Landscapes are the repository of intangible values and human meanings that nurture our very existence. This is why landscape, and memory, are inseparable, because landscape is the nerve centre of our personal and collective memories.
We are familiar with relic and fossil landscapes. But cultural landscapes are living landscapes where changes over time result in a montage effect in front of our eyes, or a series of vertical layers, each layer able to tell the human story and relationships between people, and natural processes. Photography and film, in the past paintings best reflect that.
I am very fond of the Heights of Abraham , Matlock, Derbyshire, hills which have been mined for 2000 years and worked methodically since Roman times. When you visit there, you also visit the history of England. Landscape and identity are inherent components of our culture.
A few years ago I visited Welshpool castle with my young grandchildren, the youngest, Jacob, of whom was three. Three is an interesting age, a child is relatively articulate, but unable to read or be influenced by the media. They say what they see and experience. Children love castles, they are big, physical places to be enjoyed, and explored, combining open spaces with mysterious nooks and crannies. Jacob was loving it, until we began to enter a hall which looked no different from any other we had visited before. He scampered up me, holding me around my neck, pressed tight .
“I am not going in there,” he declared.
”Why not?”
“It’s scary.”
I gave him to my partner, and ventured inside. It featured displays of torture and punishment from the dungeons. He had no possible way of knowing this – yet he knew.
This demonstrates that a sense of landscapes, and buildings, holding memories is with us from a very early age. It was described by Sir Edward Tylor as animism in 1871, who recognised it as one of anthropology’s earliest concepts, a belief found in tribes and ancient civilisations around the world.
So, do landscapes have memories?
They certainly hold the memories of what has gone before. The rocks in their strata, the soil in its layers, the polar ice in its water content. When we remember past lives, past landscapes are an essential part of that. Often providing a connection between the past, and the present.
The deck comprises some fifty- three cards, loosely divided into North, South East and West, each with their own spiritual bias. I have physically visited several of these locations. What surprised me was that the companion notes for those sites I knew, or thought I knew, each offered new information and guidance. It has been meticulously researched. The card artwork is eclectic, laden with meaning, and divided into three sectors, or worlds. The lower represents the past, the middle the present, the upper the future. Each is rich in meaning and guidance.

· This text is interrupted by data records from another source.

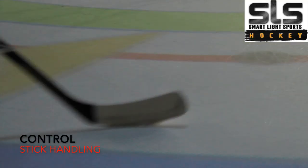Hey guys, welcome back to SLS Hockey Training Videos. If this is your first time, welcome. Today's video is all about stick control — getting that puck to move where you want it to move, controlling every aspect of it. So let's dive into it right now.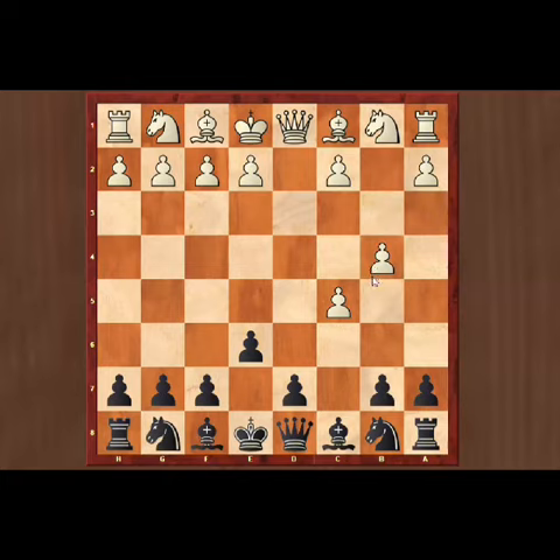The opponent may think that you messed up something because the bishop on c8 cannot develop onto the most active squares. But black is totally fine here.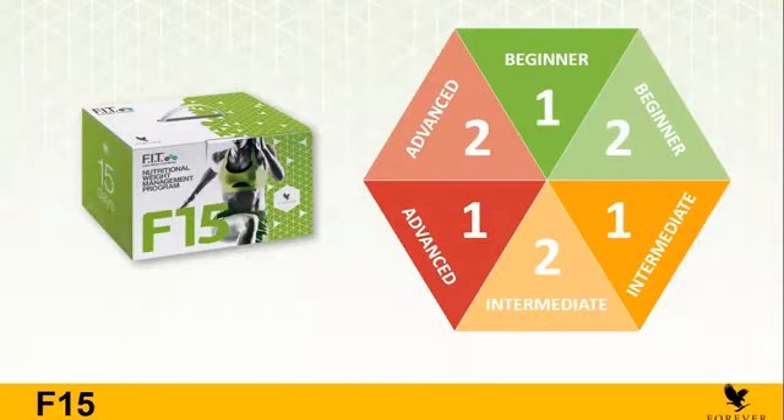We have the beginner F15, intermediate, and advanced. Today I'm just going to talk about the beginner. It's almost the same for beginner, intermediate, and advanced regarding the products, but the difference between them is basically the exercise and the meal plans. For people who don't exercise a lot, we give them the beginner. For people who exercise, we give them the intermediate. For people who exercise a lot, the advanced. It's always good to start with the C9 first, to make your body used to the program and the products, and then move to the F15.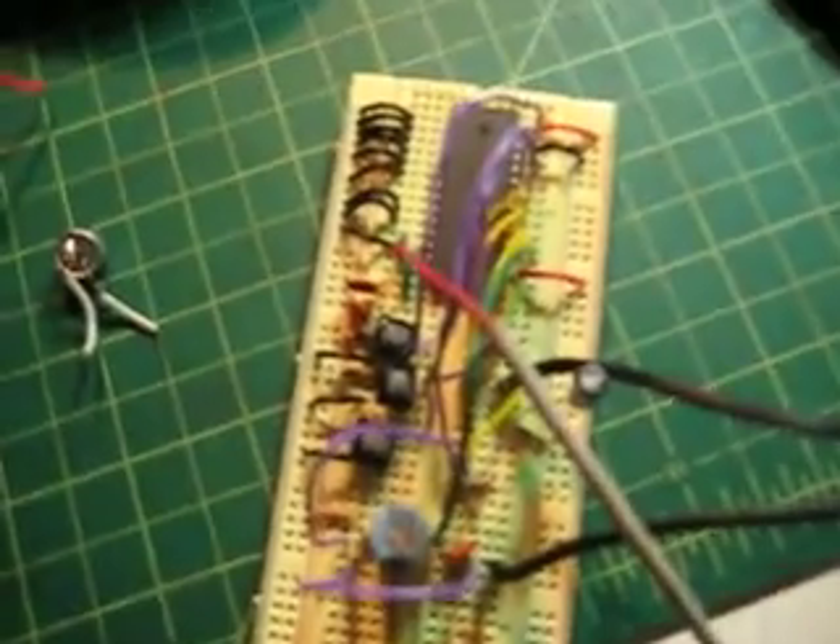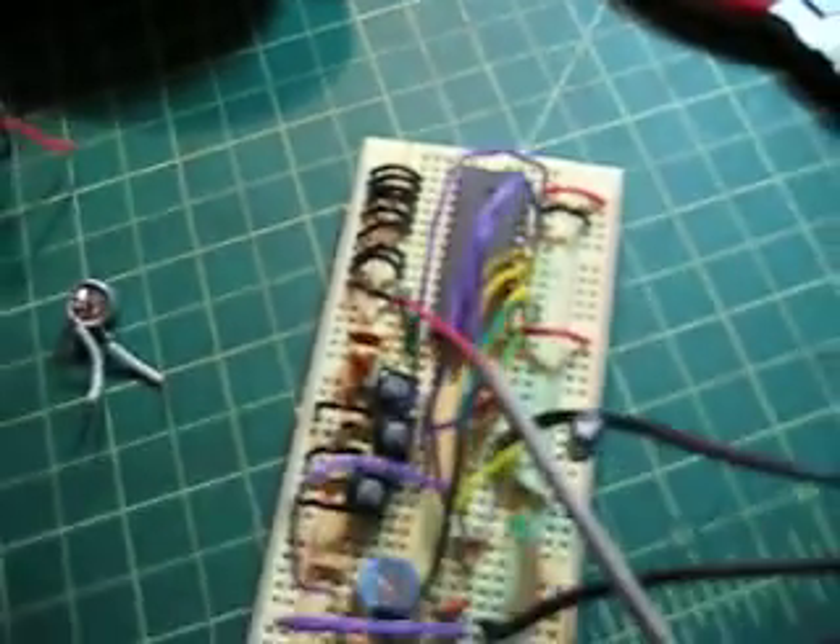I've taken this typical application circuit for the Winbond 1420. I want to use these addressable latches which are tied to ground. I've taken the speaker outputs and put it to this speaker to test it.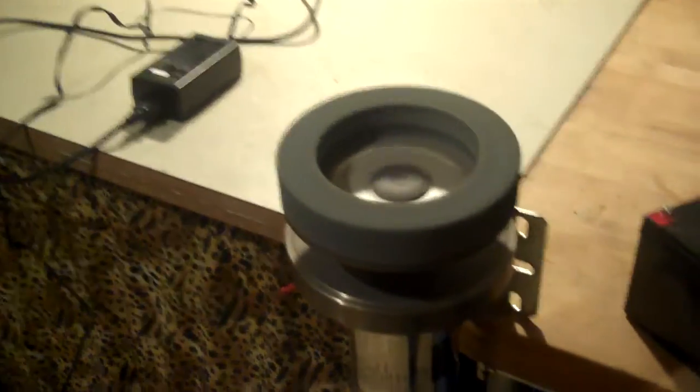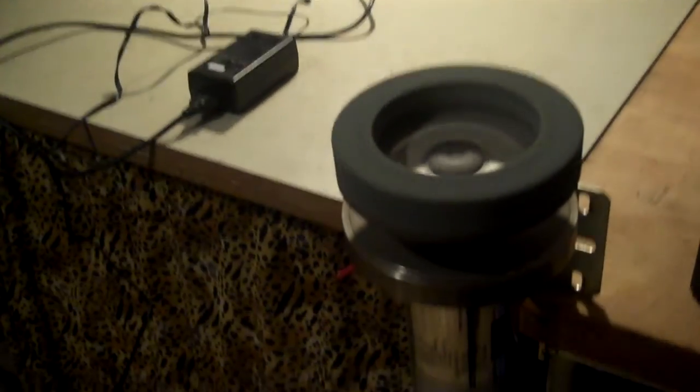That's quite the nasty edge — I'll have to hone that down. But once again, I got myself a bench grinder out of spare parts. Thank you for watching. Hope you get to do some of the same.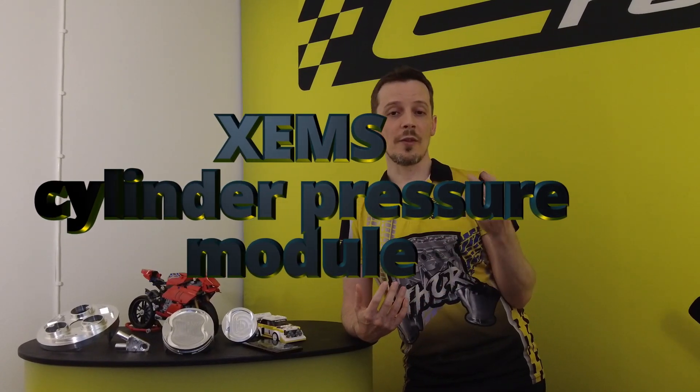Our XM system is capable of running in-cylinder pressure sensors, but we don't really want to mass market the XM system. We want to use it to develop our own stuff and potentially sell parts of it to be used in conjunction with other ECUs. So we're looking into doing a standalone box to take input from the cylinder pressure sensors and other required sensors — crankshaft position sensor, of course — and run a CAN or analog interface to existing ECUs.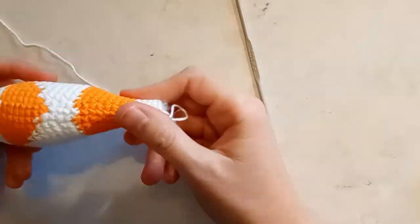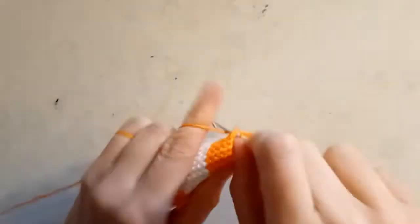And then it was the wrong shape again. Nothing to do but unravel and try again. I only decreased every third round for the back body, and that created a much better shape.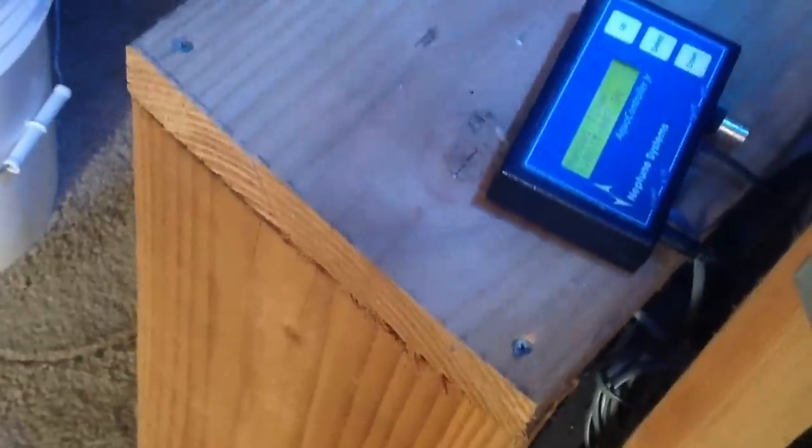There's an Aqua Controller Junior by Neptune that controls all the heat and light cycles and all of that. Of course a DC-8 comes with that. That's where the top off comes from — five gallons of kalkwasser, probably about two or three gallons of it left, and that's powder, not just water in there.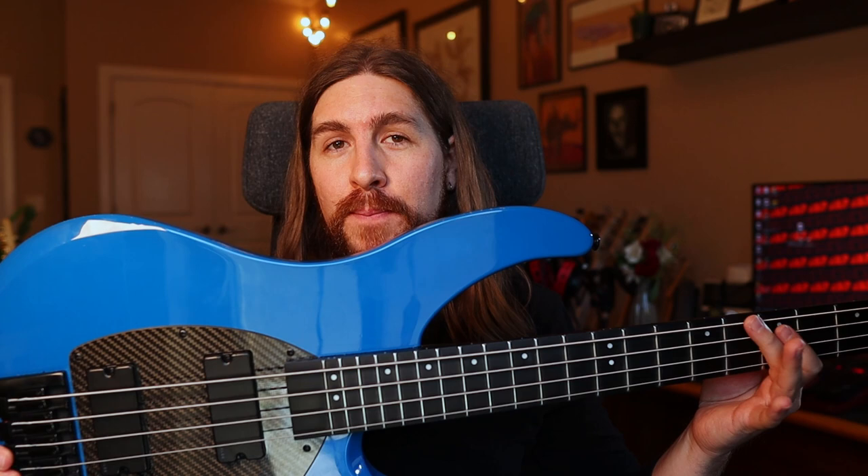On top of that, it's got carbon fiber — it's really interesting, and if you want more about it, I've got a review on my channel. A little bird has told me that the Bass Channel is going to be doing their own review, so be sure to subscribe so you don't miss that. As for how we're going to set the controls on this, we're just going to go everything all the way up for the most part.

Past Life Regressionist Jane Osborne at the Callanish Stones, Isle of Lewis
For the reader the cards are multifunctional. Firstly, they facilitate a past present and future reading. But secondly, they offer inspiration for site visits with the potential for some cards to have a particular calling. By splitting the deck to incorporate only the geographical area, North perhaps if you are British, of the client, the chances of them being able to visit that site are also increased. In the UK, Stonehenge, Glastonbury and the Callanish Stones are included as well as several European sites including the Vatican and Mont St- Michel.
Mont St Michel
I found that they worked particularly well in conjunction with the Doreen Virtue Past Lives Oracle cards and highly recommend this deck not only for its beautiful presentation, art work, and spiritual integrity, but also for the unusually well written companion notes.